A German play about Scotland hardly looks like an attempt at anything of the sort, even with a libretto in Russian (adapted by Cui himself from the translation by Alexey Pleshcheyev, the radical poet of Musorgsky’s rustling leaves). Heine’s early tragedy (1822) taps into the romantic spirit of Scott’s recent Waverley novels and The Bride of Lammermoor, but with a Macbethian image of Scotland as a country of wild, gloomy mountains, crazed aristocrats, melancholy ballads, and cackling witches. William Ratcliff, rejected by Mary, the daughter of the laird MacGregor, has twice murdered her betrotheds as she waited at the altar, and now intends to kill a third, whose wedding is in progress as the curtain rises. But Ratcliff himself is wounded in the ensuing fight, and when he presents himself, pale and distraught, in Mary’s bedchamber, she suddenly realizes her love for him. There is, though, a sinister backcloth to these events. William’s father had loved Mary’s mother but had been killed by her jealous father. As William enters the bedchamber, Mary’s nurse is relating the old story, and William, who has himself had visions of a mysterious couple reaching out their arms to one another, is suddenly transformed into an agent of revenge. He draws his sword and kills Mary, her father, and himself.

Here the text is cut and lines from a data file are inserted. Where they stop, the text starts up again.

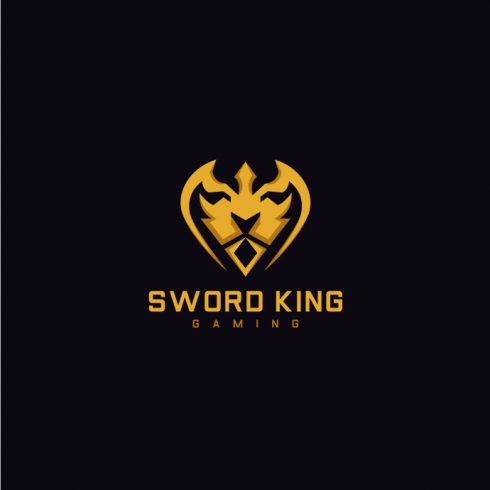Golden Lion Sword Logo Template cover image.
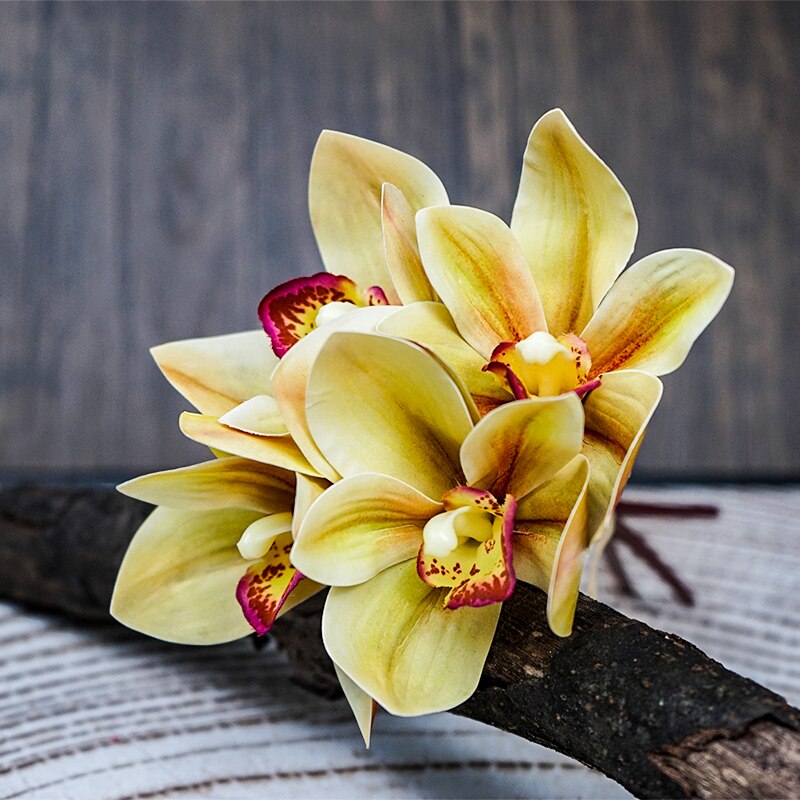 SunMade-ramo de orquídeas blancas de lujo, decoración para el hogar, decoraciones de otoño, Flores Artificiales, bricolaje, 4 Uds./lote: Autumn Yellow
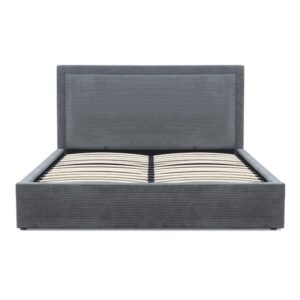 Κρεβάτι Velar Megapap υφασμάτινο με αποθηκευτικό χώρο χρώμα γκρι 160x200εκ.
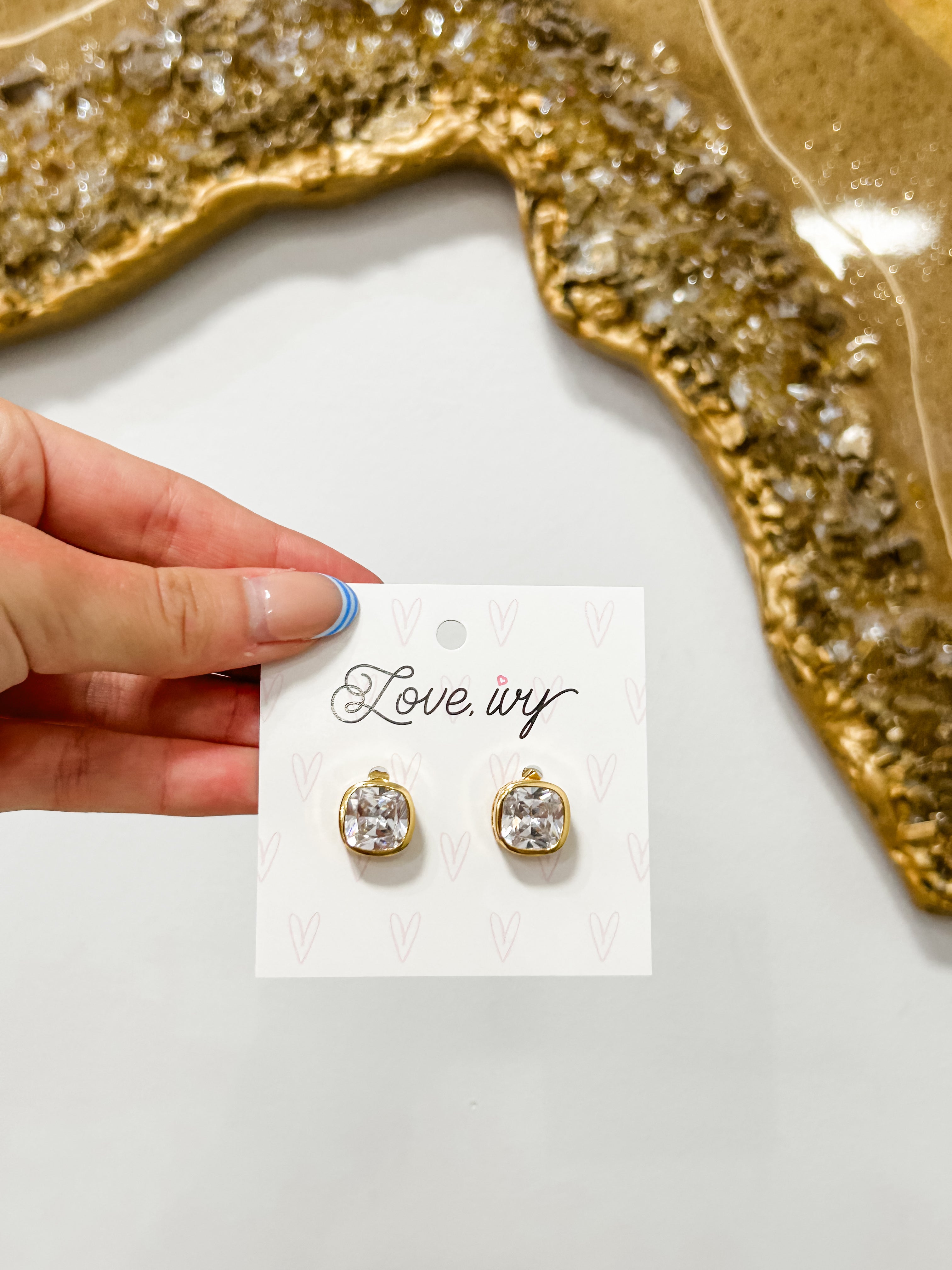 14k Gold Dipped Cushion Cut CZ Stud Earrings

From the start, Cui approached this terrifying story in the spirit of German romantic opera—Weber, Marschner, the Schumann of Genoveva—leaving out the social ironies (Douglas, the latest bridegroom, talking wearily about London life) and the genre detail (the thieving innkeeper teaching his little boy the Lord’s Prayer), and setting the violent action in a more or less conventional operatic frame. A lot of what he composed first—the act 2 tavern scene and act 1 wedding—is chorus, of the kind that would have attracted Wagner’s anathema against “scenery that has learned to march and sing.” But for the dramatic action he gradually evolves a through-composed, quasi-symphonic style of which Wagner might rather have approved, whatever he would have thought of Cui’s technical mastery, which is reasonably adequate to the tasks he sets himself but looks distinctly thin beside such contemporary masterpieces as Tristan und Isolde or even Verdi’s Forza del destino, which had its first performance in St. Petersburg in November 1862 when Cui was probably at work on his act 1. Like Wagner (whose music he encountered for the first time in the St. Petersburg concerts of early 1863), Cui uses leitmotifs, of a sort, to bind the musical drama, though never with the richness or intricacy of Wagner. In one or two cases, the motives serve as important recurrent themes, developed in the orchestra as well as the voices; mostly they are simple reminiscence motives, reminders of one person or situation in the context of another—a device of some importance in an opera so heavily dependent on the narration of past events.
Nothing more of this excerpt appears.